*** Input ***

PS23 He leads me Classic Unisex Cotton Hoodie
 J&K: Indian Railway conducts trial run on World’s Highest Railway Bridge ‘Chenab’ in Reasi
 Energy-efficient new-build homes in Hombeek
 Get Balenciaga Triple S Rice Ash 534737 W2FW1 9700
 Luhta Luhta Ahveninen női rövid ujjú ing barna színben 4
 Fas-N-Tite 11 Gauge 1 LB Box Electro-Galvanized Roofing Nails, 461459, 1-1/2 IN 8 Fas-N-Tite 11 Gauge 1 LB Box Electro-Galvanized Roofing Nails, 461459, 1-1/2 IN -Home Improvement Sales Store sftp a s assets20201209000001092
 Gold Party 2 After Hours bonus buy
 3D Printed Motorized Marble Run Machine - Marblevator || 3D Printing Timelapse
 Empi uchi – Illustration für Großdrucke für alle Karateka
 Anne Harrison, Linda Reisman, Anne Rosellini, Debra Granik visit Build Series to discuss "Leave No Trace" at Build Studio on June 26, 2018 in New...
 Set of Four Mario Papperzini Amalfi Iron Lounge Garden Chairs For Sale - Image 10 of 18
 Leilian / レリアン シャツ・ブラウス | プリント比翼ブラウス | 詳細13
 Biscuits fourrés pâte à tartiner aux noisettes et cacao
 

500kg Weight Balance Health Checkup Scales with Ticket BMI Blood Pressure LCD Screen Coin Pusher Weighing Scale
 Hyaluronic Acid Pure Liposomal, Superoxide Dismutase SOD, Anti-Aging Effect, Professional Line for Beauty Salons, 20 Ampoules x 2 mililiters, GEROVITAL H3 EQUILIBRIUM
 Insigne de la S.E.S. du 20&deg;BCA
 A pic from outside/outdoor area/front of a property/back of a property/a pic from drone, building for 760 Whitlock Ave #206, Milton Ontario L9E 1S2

*** End of Input ***

What needs to be done: Could you restate, word for word, the lines above from the one with "J&K: Indian Railway" to the one with "Luhta Luhta Ahveninen", both included?

Answer section:
 J&K: Indian Railway conducts trial run on World’s Highest Railway Bridge ‘Chenab’ in Reasi
 Energy-efficient new-build homes in Hombeek
 Get Balenciaga Triple S Rice Ash 534737 W2FW1 9700
 Luhta Luhta Ahveninen női rövid ujjú ing barna színben 4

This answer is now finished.